Jamine Moton, chief executive of Skylar Security in Atlanta, says she went all in at her teenage job making sandwiches at Wawa, the East Coast convenience-store chain.

“I remember looking at those hoagies and saying to myself, ‘I’m going to be the best sandwich maker that works here,’" she says.

You know how the sandwich you get never looks as good as the picture on the menu board? Moton’s did. She went on to become a national champion hammer thrower at Clemson University, then a police officer, and says her Wawa job helped her recognize her inherent drive to excel.

“Any job where you’re on the lowest tier is a really good job to have done in your life because it shows your character," says Heather McLean, who worked at McDonald’s in high school and is CEO of McLean Forrester, a technology consulting firm in Illinois. “I always took the attitude to bloom where you’re planted so, yeah, I was just taking orders at McDonald’s—but I was really good at it."

McLean, 49, says working in fast-food means accepting that no task—even cleaning nasty bathrooms—is beneath you.

That doesn’t mean every griddle is a launchpad to the executive ranks. The term McJob is so synonymous with dead ends that it’s in Merriam-Webster’s dictionary: “A low-paying job that requires little skill and provides little opportunity for advancement."

Being a model employee is easier when you’ve got bigger and better career prospects ahead. Executives who worked in fast food say they learned empathy and gratitude by toiling alongside colleagues who didn’t have other opportunities and were trying to make a living at or near minimum wage.

Skills to go

Gene Hammett made about $4 an hour washing dishes in a pizza parlor in the 1980s. He knew the real money was in delivering pies and collecting tips, but that meant knocking on doors and making conversation—his greatest fear as a painfully shy teen.
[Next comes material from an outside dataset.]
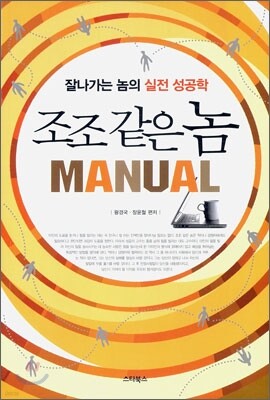조조 같은 놈 MANUAL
He eventually psyched himself up to do it and credits the experience with developing people skills he later used as CEO of an event-management company.
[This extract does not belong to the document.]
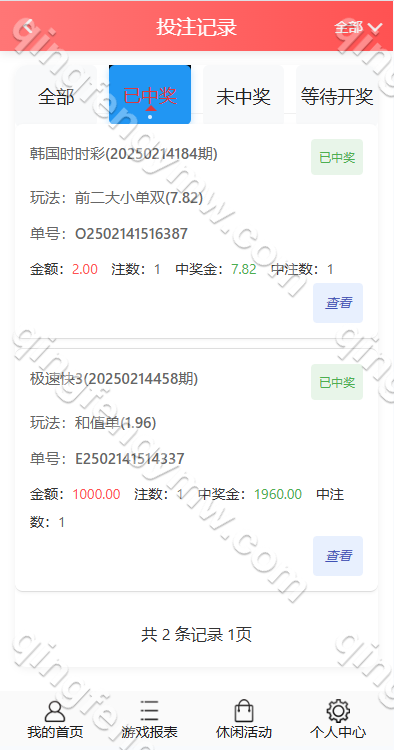 图片[27]-多乐游戏源码/彩票系统源码双玩法+分红契约洗码+usdt支付后台可控+三主题模板+真人视讯+附带视频搭建教程-清风源码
“Working with the public and talking to strangers helped me come out of my shell," says Hammett, 53, who is now an executive coach.

Fast-food kitchens were long among the few places where future CEOs and low-wage lifers mingled and learned from one another. And because just about everyone orders a burger or pizza now and then, the customer base is a cross section of the American public.
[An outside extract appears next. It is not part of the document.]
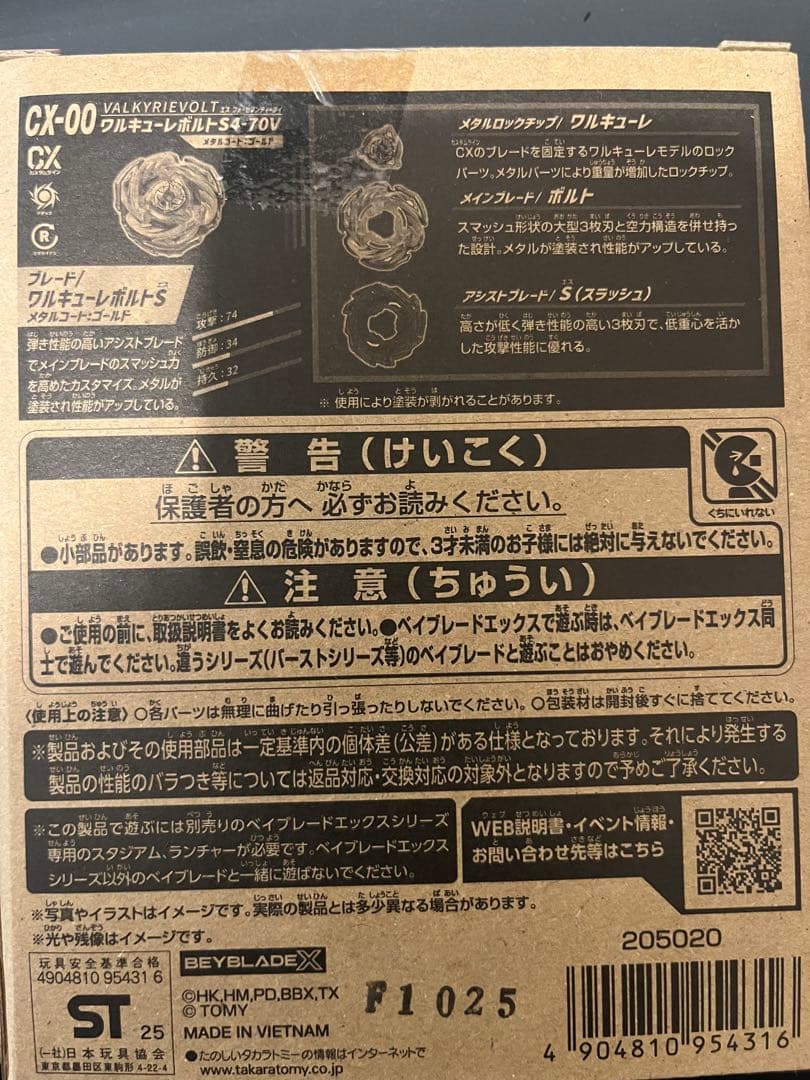 【新品未開封】ベイブレード　CX-00 ワルキューレボルト S4-70V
Tracy Glynn, founder of an executive-search firm for healthcare companies, got her parents to sign a work permit so she could take a summer job at Hardee’s at age 14. Working as a waitress and later a bartender, she says the job taught her to talk with anyone—conversational skills that she uses today when interviewing candidates and getting to know her clients.

“I was with my kids the other day and we had a really great server, and I said, ‘Sometimes I really miss that,’" says Glynn, 53. “I guess that’s why I like what I do now—I just love hearing about people and connecting with them."